Demikian bunyi butir keempat dari agenda prioritas Presiden Joko Widodo, dan Wakil Presiden M Jusuf Kalla, yang dinamai Nawacita. Sembilan harapan yang akan diwujudkan dalam lima tahun pemerintahannya, periode 2014-2019.
Pada Pemilu 2019, Joko Widodo terpilih kembali sebagai presiden untuk periode 2019-2024, berpasangan dengan calon wakil presiden Ma’ruf Amin. Presiden terpilih sudah menyampaikan pidato, Minggu (14/7/2019), di Sentul, Jawa Barat, berjudul ”Visi Indonesia”. Ada lima tahapan (prioritas) yang diangkat agar bangsa Indonesia menjadi lebih produktif, memiliki daya saing, dan mempunyai fleksibilitas yang tinggi dalam menghadapi perubahan dalam masyarakat dunia.

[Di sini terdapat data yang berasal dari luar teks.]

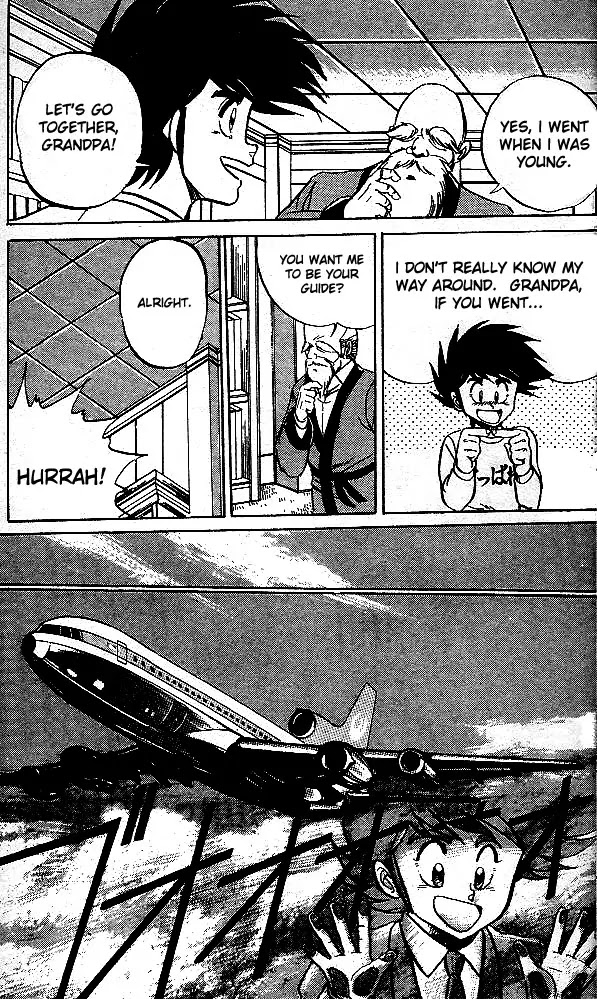 Poker King Chapter 1.1 page 18 - Vol.1 Chapter 1: The 100 Million Yen Showdown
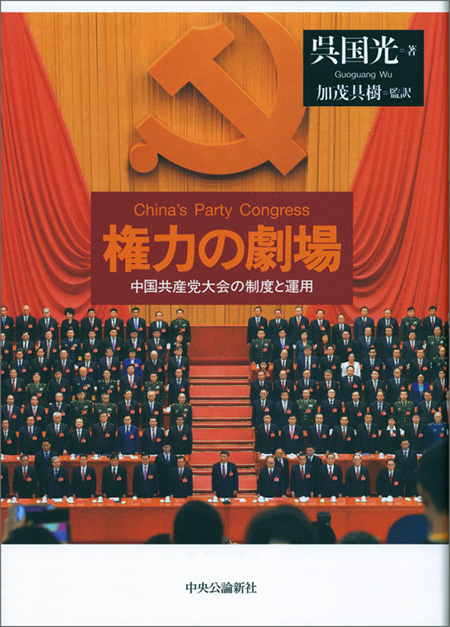 権力の劇場
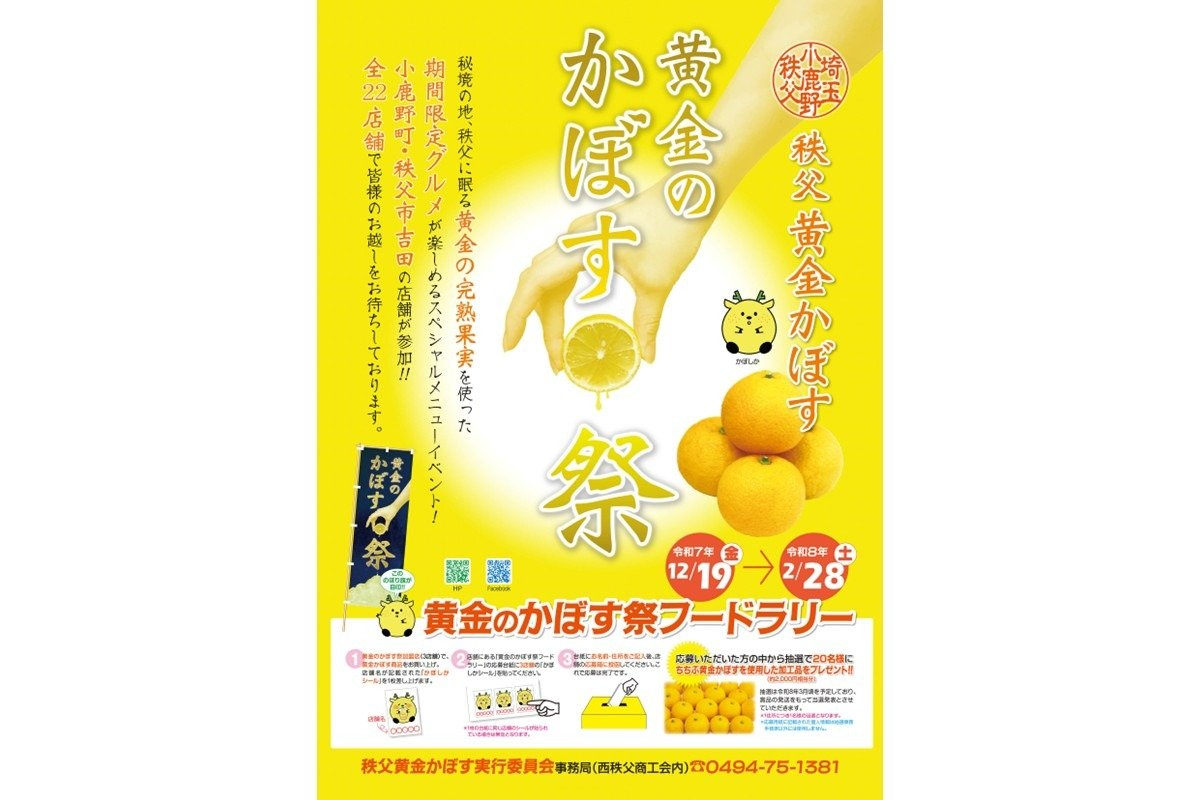 黄金のかぼす祭のポスター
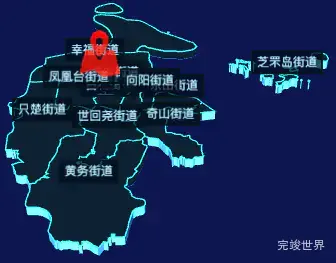 echarts烟台市芝罘区geoJson地图3d地图自定义图标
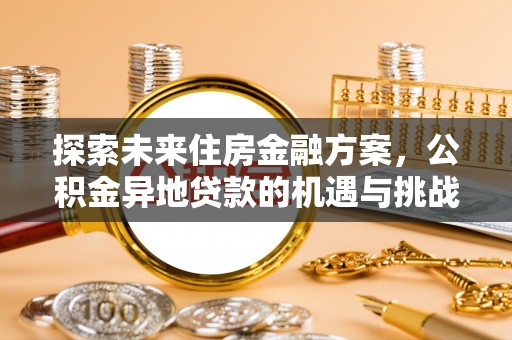 黑山探索未来住房金融方案，公积金异地贷款的机遇与挑战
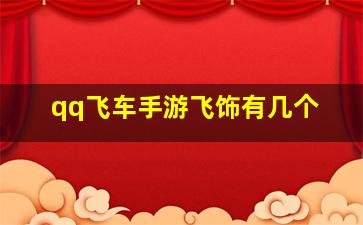 qq飞车手游飞饰有几个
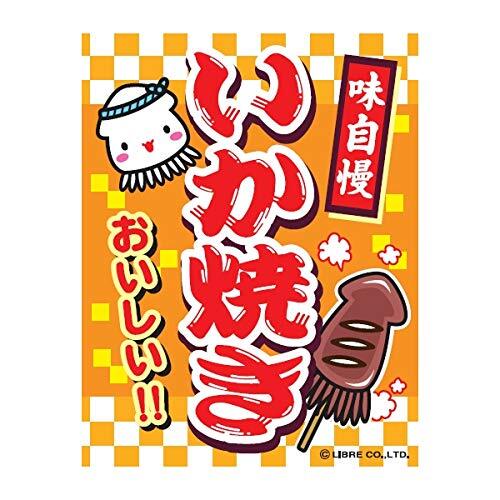 2025年最新】Yahoo!オークション -いか焼きの中古品・新品・未 2025年最新】Yahoo!オークション -いか焼きの中古品・新品・未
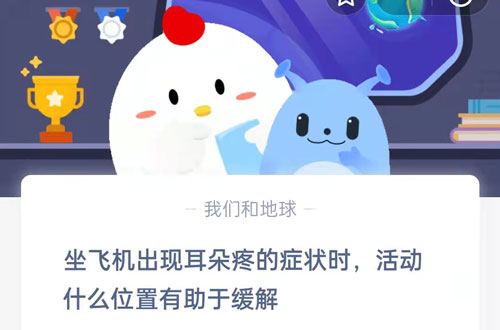 坐飞机出现耳朵疼的症状时，活动什么位置有助于缓解。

Visi Indonesia tampaknya lebih berfokus pada ekonomi, seperti tetap melanjutkan program pembangunan infrastruktur, mengundang investasi, membangun sumber daya manusia, dan menggunakan APBN secara tepat sasaran. Tak ada yang secara khusus berbicara persoalan hukum, seperti pemberantasan korupsi, penegakan hukum, dan penegakan hak asasi manusia (HAM), termasuk menyelesaikan dugaan pelanggaran HAM di masa lalu. Padahal, ketidakpastian hukum bisa menghambat investasi.
Beragam interpretasi bisa muncul terkait pidato Visi Indonesia yang nyaris tidak menyebutkan pentingnya hukum. Padahal, dalam Nawacita, masalah hukum adalah agenda prioritas. Bisa jadi untuk periode kedua mendatang, penegakan hukum dan pemberantasan korupsi dianggap sudah berada di jalur yang benar.

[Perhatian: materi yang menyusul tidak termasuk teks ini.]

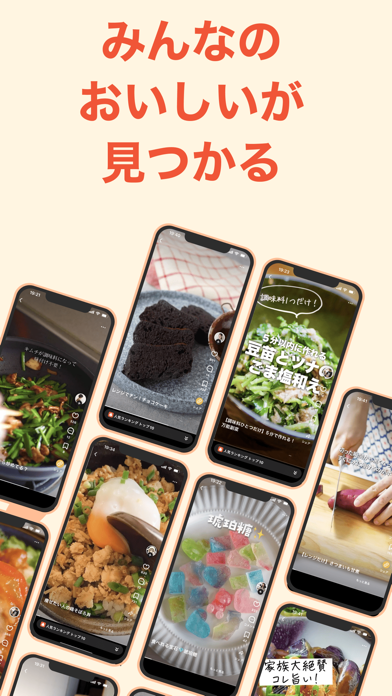 クラシル - 毎日の献立に！レシピ動画で料理がおいしく作れる App Store screenshot 2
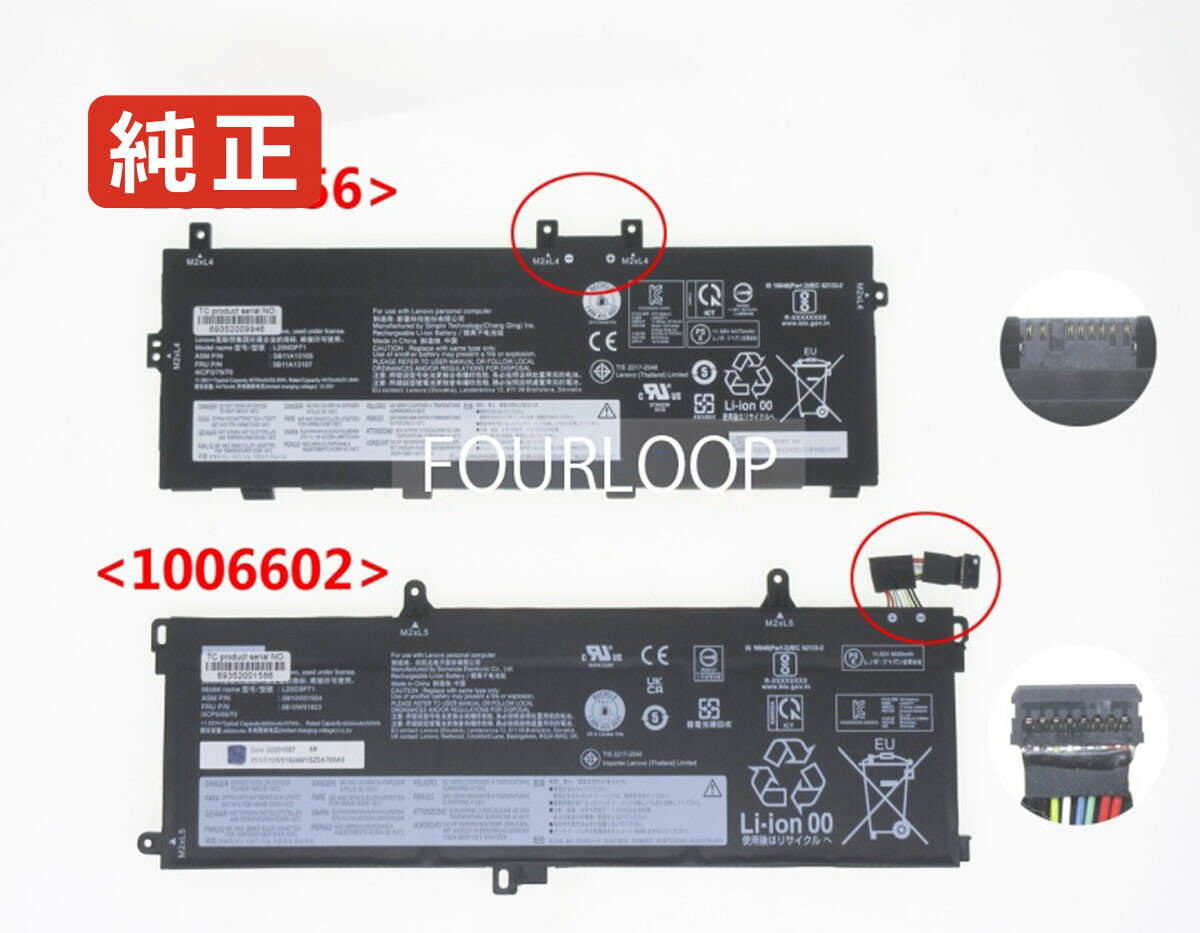 �ڽ�����5b11a13107 11.58V 52.9Wh lenovo �Ρ��� PC �Ρ��ȥѥ����� ���� �Хåƥ꡼ ����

Kalau melihat data Badan Koordinasi Penanaman Modal (BKPM), investasi di Indonesia tahun 2017 tumbuh 10 persen lebih. Namun, pada 2018, pertumbuhannya melambat dan tinggal sekitar 4 persen. Selain faktor ekonomi dan internasional, investasi di negeri ini juga terhambat persoalan politik dan kemudahan perizinan. Kepastian hukum menjadi sorotan dari sejumlah calon investor pula.

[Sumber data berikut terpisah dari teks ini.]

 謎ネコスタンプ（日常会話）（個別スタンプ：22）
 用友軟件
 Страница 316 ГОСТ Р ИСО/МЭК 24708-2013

Presiden terpilih semoga tak melupakan penegakan hukum, penyelesaian HAM, dan pemberantasan korupsi. Sebagian kalangan menilai, korupsi bisa menjadi pelumas pembangunan. Senyatanya, korupsi akan menghancurkan pembangunan. Persoalan hukum masih membelit negeri ini dan memerlukan perhatian dari pemerintah mendatang. Transparency International Indonesia (TII), dalam lima tahun terakhir, mencatat indeks persepsi korupsi Indonesia membaik, tetapi hanya bergerak dari poin 36 ke 38. Lambat, seperti pepatah alon-alon waton kelakon (biar lambat asal terjadi).
Dalam Visi Indonesia, presiden terpilih menegaskan pentingnya mereformasi birokrasi kembali. Persoalan hukum dan korupsi tak bisa dipisahkan dari birokrasi. Birokrasi di negeri ini sudah berbenah, tetapi belum cukup. Semoga niat presiden terpilih untuk memimpin sendiri reformasi birokrasi adalah bahasa lain dari penegakan hukum tak pernah ditinggalkan.